Problem: Return, exactly and in full, the lines of the records below starting at the one with "Serious young Hispanic" and ending at the one with "a table with", and no other lines.

Data for review:
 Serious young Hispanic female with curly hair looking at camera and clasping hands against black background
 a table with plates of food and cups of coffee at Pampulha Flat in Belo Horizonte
* * *
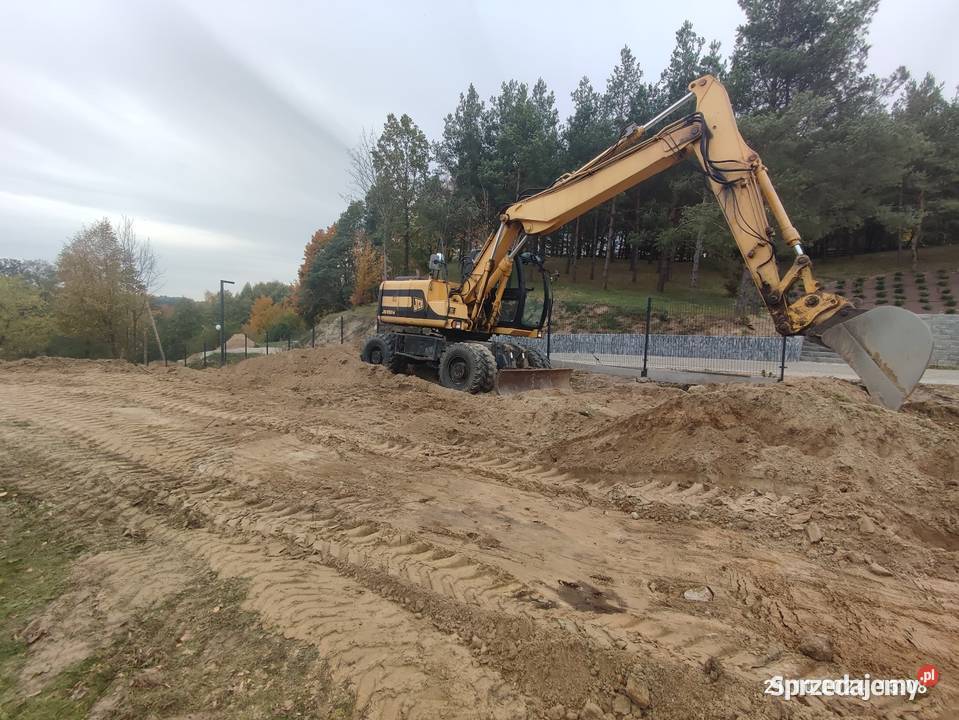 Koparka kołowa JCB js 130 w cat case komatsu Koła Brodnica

Problem solution:
 Serious young Hispanic female with curly hair looking at camera and clasping hands against black background
 a table with plates of food and cups of coffee at Pampulha Flat in Belo Horizonte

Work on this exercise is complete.